Reads in the particles positions (read in of a subset is allowed): when first and last are specified, the numpy array convention is followed (i.e. getPositions(first=a,last=b)=getPositions()[a:b])

Parameters:

• first (int. or None) – first particle in the file to be read, if None 0 is assumed
• last (int. or None) – last particle in the file to be read, if None the total number of particles is assumed
• save (bool.) – if True saves the particles positions as attribute

Returns:

numpy array with the particle positions

getVelocities(first=None, last=None, save=True)

Reads in the particles velocities (read in of a subset is allowed): when first and last are specified, the numpy array convention is followed (i.e. getVelocities(first=a,last=b)=getVelocities()[a:b])

Parameters:

• first (int. or None) – first particle in the file to be read, if None 0 is assumed
• last (int. or None) – last particle in the file to be read, if None the total number of particles is assumed
• save (bool.) – if True saves the particles velocities as attrubute

Returns:

numpy array with the particle velocities

gridID()

Compute an ID for the particles in incresing order according to their position on a Nside x Nside x Nside grid; the id is computed as x + y*Nside + z*Nside**2

Returns:the gridded IDs Return type:array of float

header

Displays the snapshot header information

Returns:the snapshot header information in dictionary form Return type:dict.

lensMaxSize()

Computes the maximum observed size of a lens plane cut out of the current snapshot

neighborDistances(neighbors=64)

Find the N-th nearest neighbors to each particle

Parameters:neighbors (int.) – neighbor order Returns:array with units

numberDensity(resolution=<Quantity 0.5 Mpc>, smooth=None, left_corner=None, save=False)
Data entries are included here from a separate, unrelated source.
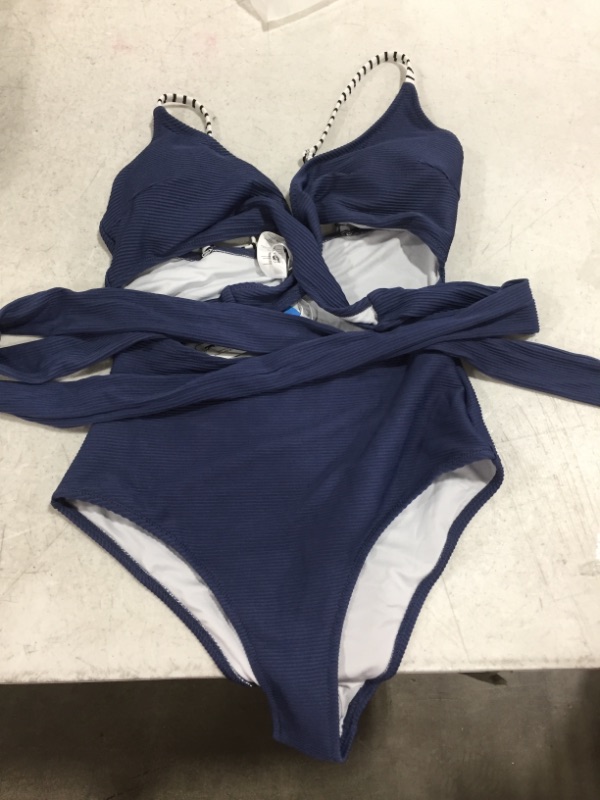 Photo 2 of CUPSHE Charlie Cutout One Piece Swimsuit (M)
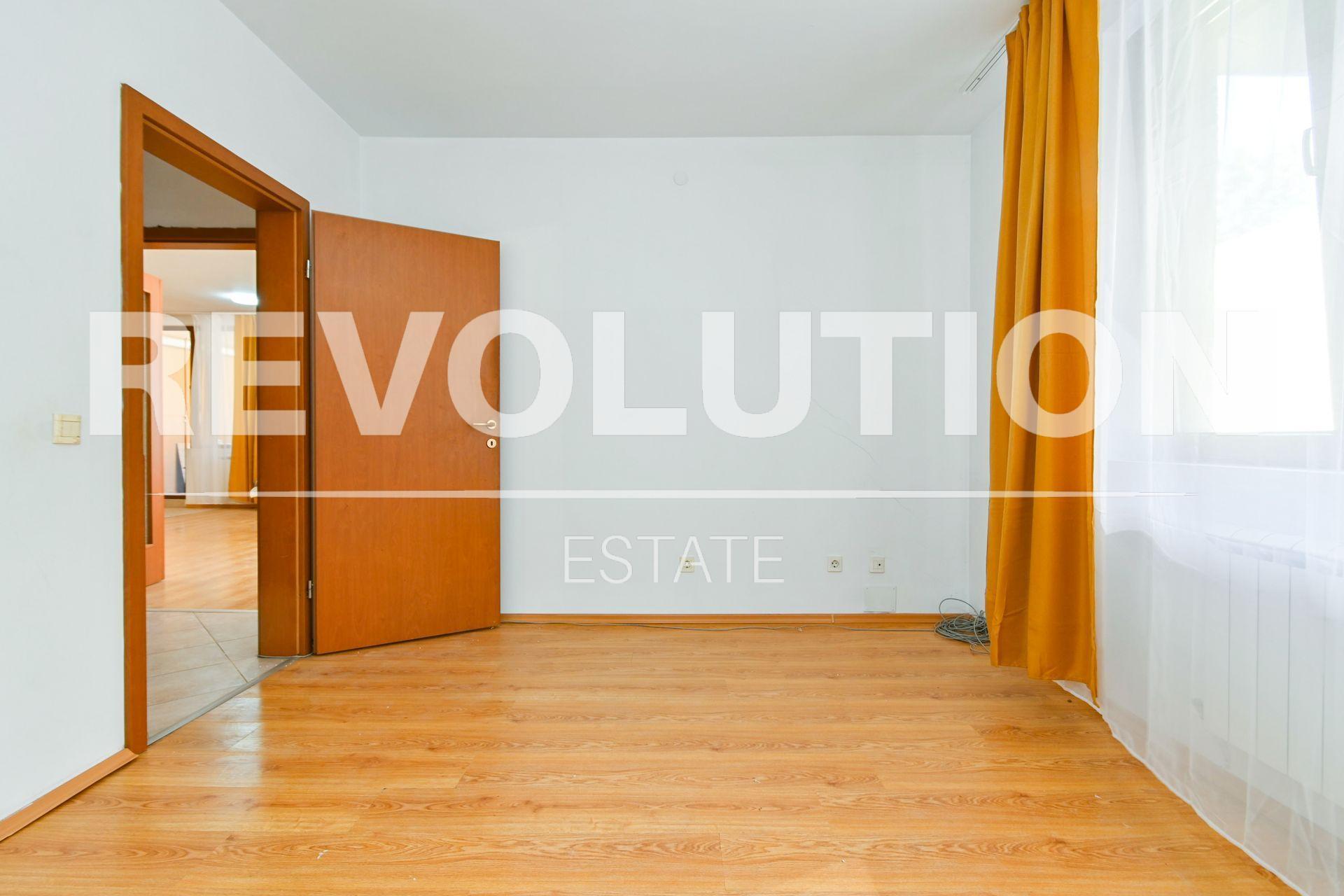 two-bedroom apartment image 7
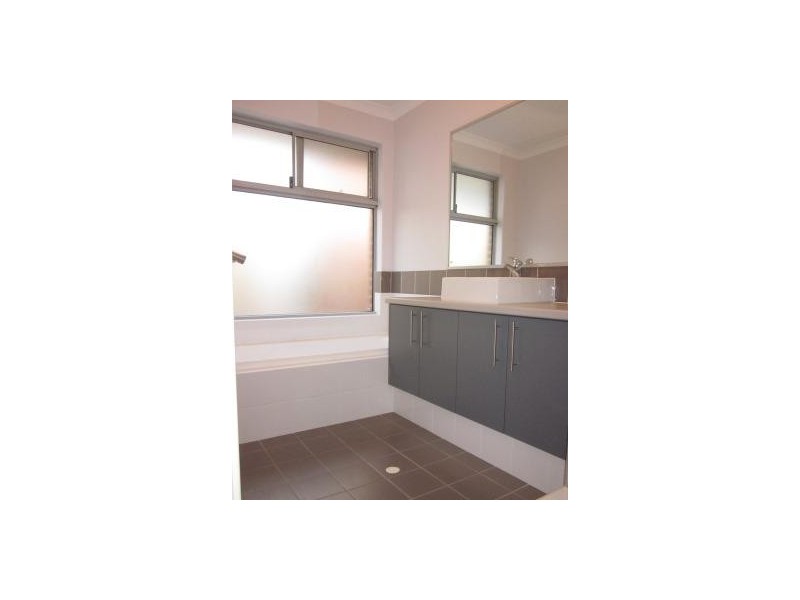 14B Denston Way, Girrawheen WA 6064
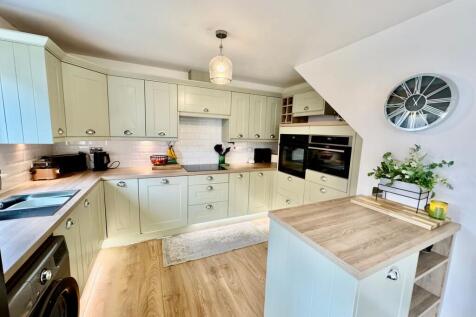 Fully Fitted Kitchen 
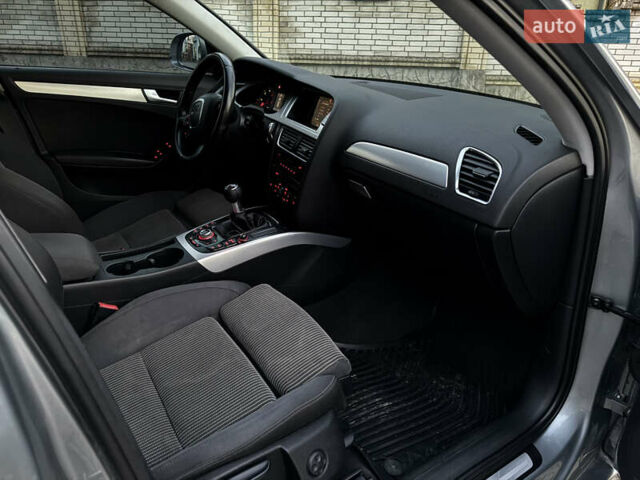 Серый Ауди А4, объемом двигателя 1.97 л и пробегом 367 тыс. км за 8800 $, фото 22 на Automoto.ua
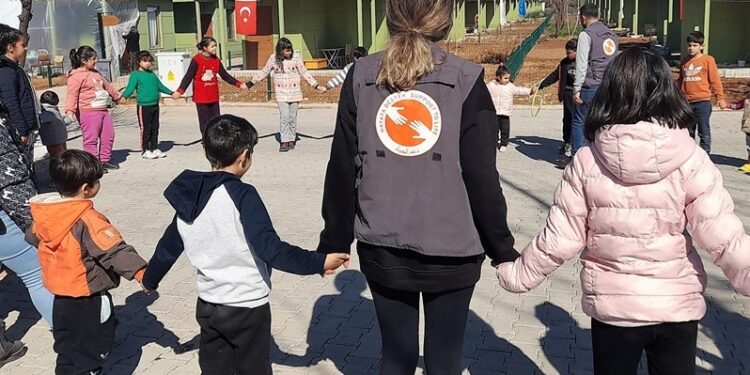 Hayata Destek Derneği, çocuklar için afet bölgesinde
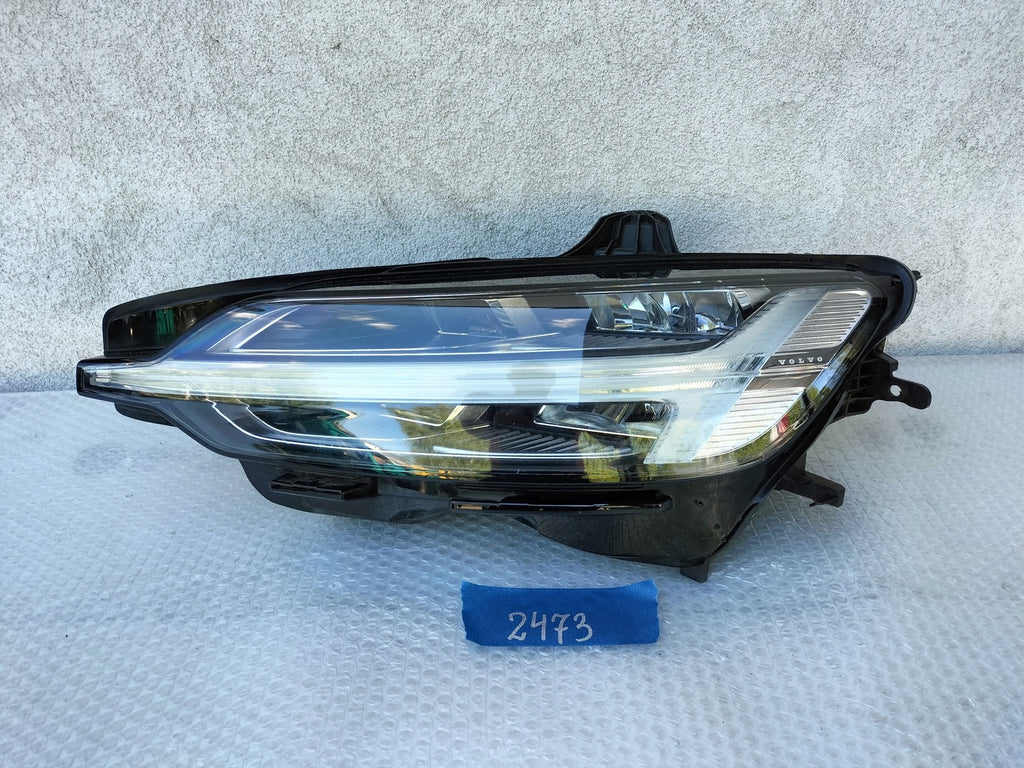 Frontscheinwerfer Volvo 32273033 LED Links Scheinwerfer Headlight SCH9930890492ym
Uses a C backend gridding function to compute the particle number density for the current snapshot: the density is evaluated using a nearest neighbor search

Parameters:

• resolution (float with units or int.) – resolution below which particles are grouped together; if an int is passed, this is the size of the grid
• smooth (int. or None) – if not None, performs a smoothing of the density (or potential) with a gaussian kernel of scale “smooth x the pixel resolution”
• left_corner (tuple of quantities or None) – specify the position of the lower left corner of the box; if None, the minimum of the (x,y,z) of the contained particles is assumed
• save (bool.) – if True saves the density histogram and resolution as instance attributes

Returns:

tuple(numpy 3D array with the (unsmoothed) particle number density on a grid,bin resolution along the axes)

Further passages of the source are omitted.